*What is being asked*
Set down the data that follows again, exactly as written.

[Start of section]

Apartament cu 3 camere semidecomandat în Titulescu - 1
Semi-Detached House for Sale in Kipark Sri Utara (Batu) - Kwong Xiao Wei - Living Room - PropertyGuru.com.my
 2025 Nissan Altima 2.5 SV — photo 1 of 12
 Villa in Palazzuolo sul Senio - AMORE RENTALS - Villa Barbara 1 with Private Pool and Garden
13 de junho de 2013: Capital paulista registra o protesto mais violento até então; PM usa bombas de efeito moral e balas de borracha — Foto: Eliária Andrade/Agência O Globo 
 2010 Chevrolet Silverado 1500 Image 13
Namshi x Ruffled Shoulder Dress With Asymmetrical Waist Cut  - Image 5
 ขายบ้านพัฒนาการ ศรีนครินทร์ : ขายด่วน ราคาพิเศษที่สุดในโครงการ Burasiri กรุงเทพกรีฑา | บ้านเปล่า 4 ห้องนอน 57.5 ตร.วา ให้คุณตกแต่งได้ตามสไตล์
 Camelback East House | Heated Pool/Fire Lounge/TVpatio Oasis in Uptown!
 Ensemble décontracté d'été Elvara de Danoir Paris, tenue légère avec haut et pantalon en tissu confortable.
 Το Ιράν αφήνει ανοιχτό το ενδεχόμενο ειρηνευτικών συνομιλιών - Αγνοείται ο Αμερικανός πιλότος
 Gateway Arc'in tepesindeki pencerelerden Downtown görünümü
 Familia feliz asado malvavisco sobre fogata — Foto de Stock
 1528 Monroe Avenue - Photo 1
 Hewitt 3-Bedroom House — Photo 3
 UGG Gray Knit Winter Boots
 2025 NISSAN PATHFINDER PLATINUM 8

[End of section]

*Exercise result*
Apartament cu 3 camere semidecomandat în Titulescu - 1
Semi-Detached House for Sale in Kipark Sri Utara (Batu) - Kwong Xiao Wei - Living Room - PropertyGuru.com.my
 2025 Nissan Altima 2.5 SV — photo 1 of 12
 Villa in Palazzuolo sul Senio - AMORE RENTALS - Villa Barbara 1 with Private Pool and Garden
13 de junho de 2013: Capital paulista registra o protesto mais violento até então; PM usa bombas de efeito moral e balas de borracha — Foto: Eliária Andrade/Agência O Globo 
 2010 Chevrolet Silverado 1500 Image 13
Namshi x Ruffled Shoulder Dress With Asymmetrical Waist Cut  - Image 5
 ขายบ้านพัฒนาการ ศรีนครินทร์ : ขายด่วน ราคาพิเศษที่สุดในโครงการ Burasiri กรุงเทพกรีฑา | บ้านเปล่า 4 ห้องนอน 57.5 ตร.วา ให้คุณตกแต่งได้ตามสไตล์
 Camelback East House | Heated Pool/Fire Lounge/TVpatio Oasis in Uptown!
 Ensemble décontracté d'été Elvara de Danoir Paris, tenue légère avec haut et pantalon en tissu confortable.
 Το Ιράν αφήνει ανοιχτό το ενδεχόμενο ειρηνευτικών συνομιλιών - Αγνοείται ο Αμερικανός πιλότος
 Gateway Arc'in tepesindeki pencerelerden Downtown görünümü
 Familia feliz asado malvavisco sobre fogata — Foto de Stock
 1528 Monroe Avenue - Photo 1
 Hewitt 3-Bedroom House — Photo 3
 UGG Gray Knit Winter Boots
 2025 NISSAN PATHFINDER PLATINUM 8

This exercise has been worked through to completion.